Task statement →
"with" is the word to look for; copy each line of the listing where it occurs.

Material to process →
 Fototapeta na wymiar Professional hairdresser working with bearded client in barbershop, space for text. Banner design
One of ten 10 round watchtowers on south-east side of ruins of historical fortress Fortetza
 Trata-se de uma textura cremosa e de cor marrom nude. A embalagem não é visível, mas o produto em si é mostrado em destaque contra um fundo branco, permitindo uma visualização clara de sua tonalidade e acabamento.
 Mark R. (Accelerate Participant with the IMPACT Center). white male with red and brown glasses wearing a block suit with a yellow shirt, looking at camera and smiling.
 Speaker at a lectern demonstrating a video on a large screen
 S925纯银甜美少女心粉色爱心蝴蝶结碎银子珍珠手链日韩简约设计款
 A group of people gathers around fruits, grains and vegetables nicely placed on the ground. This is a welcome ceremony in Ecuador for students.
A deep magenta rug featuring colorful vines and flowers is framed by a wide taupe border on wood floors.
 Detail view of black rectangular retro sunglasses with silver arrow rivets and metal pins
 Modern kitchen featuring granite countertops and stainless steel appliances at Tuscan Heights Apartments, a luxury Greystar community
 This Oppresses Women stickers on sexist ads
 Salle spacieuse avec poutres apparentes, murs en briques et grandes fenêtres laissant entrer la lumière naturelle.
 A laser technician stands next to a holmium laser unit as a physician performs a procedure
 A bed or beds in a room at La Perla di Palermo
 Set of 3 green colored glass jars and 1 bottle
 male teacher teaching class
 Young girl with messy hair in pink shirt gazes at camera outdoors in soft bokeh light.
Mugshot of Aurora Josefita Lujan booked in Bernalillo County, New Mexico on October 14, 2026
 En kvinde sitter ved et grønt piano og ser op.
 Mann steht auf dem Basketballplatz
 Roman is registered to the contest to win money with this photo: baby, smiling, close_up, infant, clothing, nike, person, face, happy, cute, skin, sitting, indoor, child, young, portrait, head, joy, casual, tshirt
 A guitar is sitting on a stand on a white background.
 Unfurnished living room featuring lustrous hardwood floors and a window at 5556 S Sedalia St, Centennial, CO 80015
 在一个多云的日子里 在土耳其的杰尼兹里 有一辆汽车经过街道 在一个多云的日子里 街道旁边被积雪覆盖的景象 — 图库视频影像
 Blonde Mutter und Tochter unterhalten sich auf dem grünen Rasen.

Completed task →
 Fototapeta na wymiar Professional hairdresser working with bearded client in barbershop, space for text. Banner design
 Mark R. (Accelerate Participant with the IMPACT Center). white male with red and brown glasses wearing a block suit with a yellow shirt, looking at camera and smiling.
 Detail view of black rectangular retro sunglasses with silver arrow rivets and metal pins
 Young girl with messy hair in pink shirt gazes at camera outdoors in soft bokeh light.
 Roman is registered to the contest to win money with this photo: baby, smiling, close_up, infant, clothing, nike, person, face, happy, cute, skin, sitting, indoor, child, young, portrait, head, joy, casual, tshirt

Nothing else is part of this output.